Some days we make a difference

These days in this racket there are times when you wonder if what you are doing makes a difference.

OK, that's most of the time these days in the newspaper racket.

Then you get a voicemail like the one I got yesterday.

A longtime reader from Springfield wanted to talk to me about the editorial that appeared in the Thursday newspaper.

I wrote it in the wake of one of the most gut-wrenching stories we've covered in some time.

It involved the DUI accident that snuffed out the life of 45-year-old Deana Eckman. We interviewed her mother, who most graciously recounted the horror the family has been living since the Saturday night crash.

Police say the man who veered into the oncoming lane of traffic and slammed head-on into the car Eckman was riding in with her husband was under the influence.

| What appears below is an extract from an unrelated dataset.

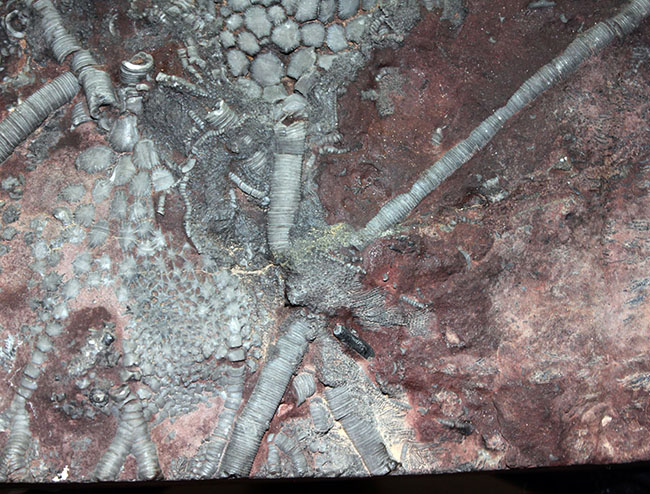 威風堂々。古生代デボン紀のモロッコの地層から採集されたウミユリ(Scyphocrinites elegans)の化石(その5)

It was not the first time for David Strowhouer. The Willistown man has been arrested five times in the last nine years. This makes six overall. This was the first time one of his incidents involved serious injury. That no doubt comes as little solace to the friends and family of Deana Eckman.

There was a common cry that went out once the details of Strowhouer's driving record emerged. How could this happen. Why was he free? How was it he was behind the wheel.

Strowhouer racked up four DUIs in Chester County and one in Delaware County before Saturday night's deadly accident. He did jail some jail time for each, although in the last incident, here in Delaware County, he was allowed to serve his jail time concurrently with time he received for a previous Chester County arrest, instead of consecutively.

At the time of the fatal accident Saturday night, Strowhouer was out on parole and driving with a suspended license.

The truth is you can suspend someone's license forever, but that won't stop them from getting behind the wheel.

But a new law that was passed recently will.

The editorial points out Strowhouer now likely will be the first person in Delaware County to be prosecuted under that law, which mandates a minimum seven years in jail for a person with multiple previous DUI arrests who is charged in a fatal DUI accident.

The caller had a story to tell me of his own grisly encounter with a DUI driver.

He was sitting at a red light in Springfield when he witnessed a man blow through a stop sign and slam into a woman's car. He rushed to the car and tried to perform CPR on the woman, who was bleeding profusely.

She did not make it.

The man who was driving the other car was charged with DUI.

He testified against the man at trial.

He said he still thinks about that instance every day.

Then he ended his call by thanking me for this editorial, and these final words:

"This repeat DUI on the street must end. I saw the consequences in terms of a dead woman. Enough said. Good editorial, Phil. Thank you for doing it."

Yeah, some days we make a difference.